Ah but I enjoyed my easy intros! I feel like I could handle an aggressive intro more easily than this 550g rat being scared of a baby a third his size! 

Tonight's bath play went a little better...a couple of squeaks but no fighting as such. I think the big boys even fell asleep on me at one point, which I would take as a good sign but when I left them all together in the cat carrier, they all fell asleep at opposite ends of it so it's not like they can't relax around one another - they just don't like to be near each other :/ 

I did try randomly grabbing everyone in a big squishy rat hug, but the big boys just squeaked and wriggled free. I'm hoping the continuous cage swaps that I'm doing every night will mean they all end up smelling the same anyway at some point and things will just fall into place


----------



## lalalauren (Jul 3, 2013)

Well, tonight my in tact boy, Lestrade, took a chunk out of both the babies during separate one on one intros. I don't understand how they're still so anxious of one another. They've lived next to each other for over a week now, they've been swapping cages every night for the last few nights, their scent SHOULD be familiar and non-threatening by now. 

The immediate plan is to let the babies recover for it, and then try one on one intros with my neutered boy to see if that's any different. If it is, I guess we neuter Lestrade. If it's no different, then I guess I've got two rat packs that just won't ever be friends


----------



## Rat Daddy (Sep 25, 2011)

Oddly, and this is just my personal experience... swapping cages and putting rats near each other usually drives my rats more insane... It's like they are being invaded by an enemy they can't defend themselves from. Familiarity breeds contempt. My best intros have always been pretty much cold intros... Meet your new friend, fight it out and it's over.

We kept Max and Cloud near by apart, because Cloud was too small for a few weeks, and by the time I started intros, Max was already clinging to the outside of the cage drooling and snapping at Cloud through the bars. They fought for three weeks... I kept Misty downstairs and when she got away while I was on the phone... the two rats met pretty much for the first time under the cabinet and by the time I got there they were already friends.

As all of our intros have taken their own path and gone differently, I don't like to give advise on intros, but some of the older techniques have definitely worked against progress... I watched Max go from a big squishy hermit to a raging maniac in just a few weeks... Every day she could see and smell Cloud but not touch her she got more vicious looking... And that's not the first time I've seen it.

I suspect that some of the older techniques are designed to make the rat owner more comfortable, kind of a voodoo ceremony or rain dance to calm your nerves and give you something to do to build your own courage... Most do little harm if no good, but I feel that intros are best done without getting your rats all wound up before hand. I mean in nature, if one group of rats is circling another group for a long time and they don't meet and bond, I'm thinking both sides will start preparing for a fight. But that's my own take on it and I've never found an exact cook book recipe that always works.

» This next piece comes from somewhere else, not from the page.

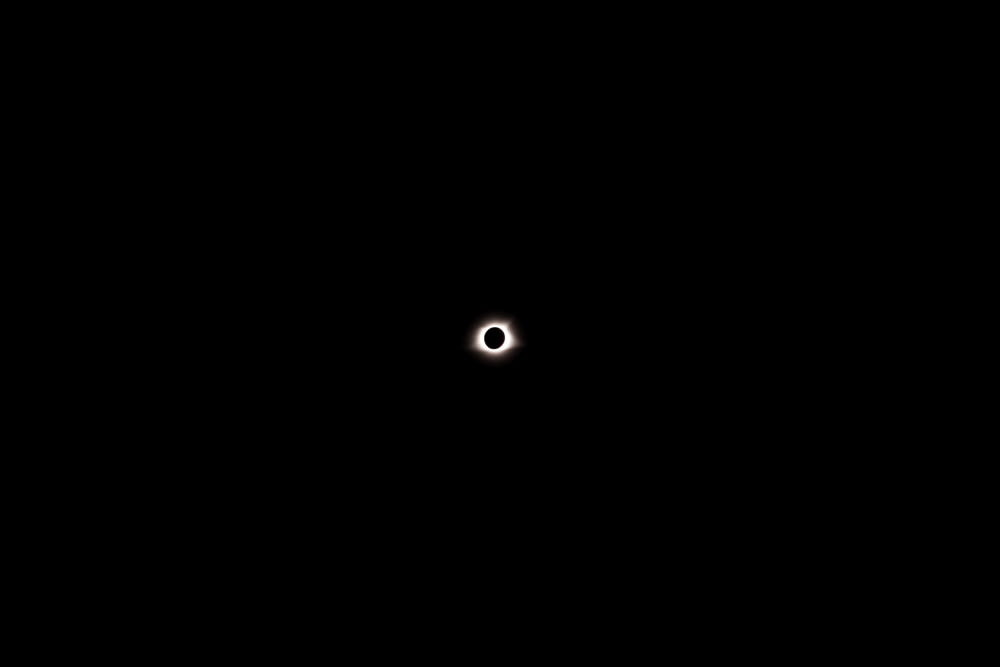 a black background with a small white dot in the center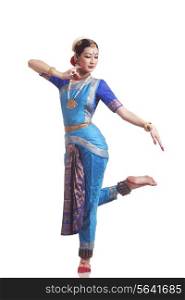 Full length of female classical dancer performing Bharatanatyam on white background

Max was big old and fat, but she drove herself to exhaustion for three weeks chasing Cloud around the house... Cloud was young and fast and could escape Max... together they knocked over just about everything fragile or near an edge, but eventually Max gave up territory and accepted Cloud. It was actually kind of funny... it was like watching Wily Coyote chasing Road Runner or Elmer Fudd chasing Buggs Bunny. First Cloud would come to me for security and then Max would come to me for help finding Cloud... "Which way did she go? Which way did she go?

I know letting two rats tear up my house was unorthodox, but Cloud bit me when I was trying to protect her, so I just stepped back and told her she was on her own... As soon as I realized she could outrun Max and escape getting killed... the rest was more amusing than unnerving.

I know it's taking a lot longer than you expected, but some intros take longer than others... Another week of intros between Max and Cloud, and I'm pretty sure I would have been out of breakable objects, but everything worked out in the end.


----------



## lalalauren (Jul 3, 2013)

While I appreciate that being separate but being able to smell one another may be driving them crazy, the babies still pose no threat whatsoever to the older boys physically - they're much smaller and never fight back. One of the babies actually nipped me instead of Lestrade when I was holding them, and I'm sure it was a bite meant for him, but it didn't draw blood, so they're not even trying to hurt the older boys - just a little "you're getting too close" warning nip. 

Anyway, the bit I find really strange is that Lestrade doesn't even try to power groom them or anything that I've seen in my intros before. He just sidles up to them and huffs at them, and they usually respond by freezing or falling over playing dead. It's like he doesn't want to try and ingratiate them. Any physical contact he's had with them has usually ended in blood


----------